▸ **YOUR GOAL**
Take every line of the material and reproduce it exactly.

(INFORMATION PROVIDED)

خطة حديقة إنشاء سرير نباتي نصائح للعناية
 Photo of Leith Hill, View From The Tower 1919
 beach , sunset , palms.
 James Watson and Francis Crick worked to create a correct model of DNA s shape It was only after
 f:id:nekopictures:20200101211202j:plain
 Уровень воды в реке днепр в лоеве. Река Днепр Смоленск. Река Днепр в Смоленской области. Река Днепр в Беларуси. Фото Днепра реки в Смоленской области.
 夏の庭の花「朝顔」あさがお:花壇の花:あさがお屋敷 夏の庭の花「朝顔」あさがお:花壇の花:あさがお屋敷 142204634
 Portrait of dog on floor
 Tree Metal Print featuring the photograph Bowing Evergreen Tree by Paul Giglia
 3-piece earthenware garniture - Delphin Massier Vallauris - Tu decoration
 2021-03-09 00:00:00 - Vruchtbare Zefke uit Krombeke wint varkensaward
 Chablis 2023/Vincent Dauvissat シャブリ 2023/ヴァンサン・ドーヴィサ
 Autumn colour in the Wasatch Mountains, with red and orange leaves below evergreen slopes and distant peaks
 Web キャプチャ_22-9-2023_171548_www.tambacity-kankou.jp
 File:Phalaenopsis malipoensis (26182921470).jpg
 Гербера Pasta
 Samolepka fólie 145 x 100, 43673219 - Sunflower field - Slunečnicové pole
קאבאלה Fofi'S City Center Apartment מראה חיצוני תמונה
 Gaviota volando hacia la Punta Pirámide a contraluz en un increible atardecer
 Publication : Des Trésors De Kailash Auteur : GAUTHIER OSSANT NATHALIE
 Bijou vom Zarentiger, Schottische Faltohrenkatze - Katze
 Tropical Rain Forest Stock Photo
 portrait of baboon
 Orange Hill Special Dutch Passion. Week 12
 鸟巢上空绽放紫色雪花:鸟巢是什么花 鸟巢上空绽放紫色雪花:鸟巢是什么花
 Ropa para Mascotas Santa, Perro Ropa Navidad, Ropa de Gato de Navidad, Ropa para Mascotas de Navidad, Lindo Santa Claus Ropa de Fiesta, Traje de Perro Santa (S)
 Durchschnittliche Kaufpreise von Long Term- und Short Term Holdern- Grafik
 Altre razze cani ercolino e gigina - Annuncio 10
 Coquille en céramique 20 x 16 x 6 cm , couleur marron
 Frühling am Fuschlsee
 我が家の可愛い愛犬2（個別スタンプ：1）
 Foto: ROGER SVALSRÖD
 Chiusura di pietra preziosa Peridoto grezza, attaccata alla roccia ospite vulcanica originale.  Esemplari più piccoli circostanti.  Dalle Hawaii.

(End INFORMATION PROVIDED)

▸ **EXERCISE SOLUTION**
خطة حديقة إنشاء سرير نباتي نصائح للعناية
 Photo of Leith Hill, View From The Tower 1919
 beach , sunset , palms.
 James Watson and Francis Crick worked to create a correct model of DNA s shape It was only after
 f:id:nekopictures:20200101211202j:plain
 Уровень воды в реке днепр в лоеве. Река Днепр Смоленск. Река Днепр в Смоленской области. Река Днепр в Беларуси. Фото Днепра реки в Смоленской области.
 夏の庭の花「朝顔」あさがお:花壇の花:あさがお屋敷 夏の庭の花「朝顔」あさがお:花壇の花:あさがお屋敷 142204634
 Portrait of dog on floor
 Tree Metal Print featuring the photograph Bowing Evergreen Tree by Paul Giglia
 3-piece earthenware garniture - Delphin Massier Vallauris - Tu decoration
 2021-03-09 00:00:00 - Vruchtbare Zefke uit Krombeke wint varkensaward
 Chablis 2023/Vincent Dauvissat シャブリ 2023/ヴァンサン・ドーヴィサ
 Autumn colour in the Wasatch Mountains, with red and orange leaves below evergreen slopes and distant peaks
 Web キャプチャ_22-9-2023_171548_www.tambacity-kankou.jp
 File:Phalaenopsis malipoensis (26182921470).jpg
 Гербера Pasta
 Samolepka fólie 145 x 100, 43673219 - Sunflower field - Slunečnicové pole
קאבאלה Fofi'S City Center Apartment מראה חיצוני תמונה
 Gaviota volando hacia la Punta Pirámide a contraluz en un increible atardecer
 Publication : Des Trésors De Kailash Auteur : GAUTHIER OSSANT NATHALIE
 Bijou vom Zarentiger, Schottische Faltohrenkatze - Katze
 Tropical Rain Forest Stock Photo
 portrait of baboon
 Orange Hill Special Dutch Passion. Week 12
 鸟巢上空绽放紫色雪花:鸟巢是什么花 鸟巢上空绽放紫色雪花:鸟巢是什么花
 Ropa para Mascotas Santa, Perro Ropa Navidad, Ropa de Gato de Navidad, Ropa para Mascotas de Navidad, Lindo Santa Claus Ropa de Fiesta, Traje de Perro Santa (S)
 Durchschnittliche Kaufpreise von Long Term- und Short Term Holdern- Grafik
 Altre razze cani ercolino e gigina - Annuncio 10
 Coquille en céramique 20 x 16 x 6 cm , couleur marron
 Frühling am Fuschlsee
 我が家の可愛い愛犬2（個別スタンプ：1）
 Foto: ROGER SVALSRÖD
 Chiusura di pietra preziosa Peridoto grezza, attaccata alla roccia ospite vulcanica originale.  Esemplari più piccoli circostanti.  Dalle Hawaii.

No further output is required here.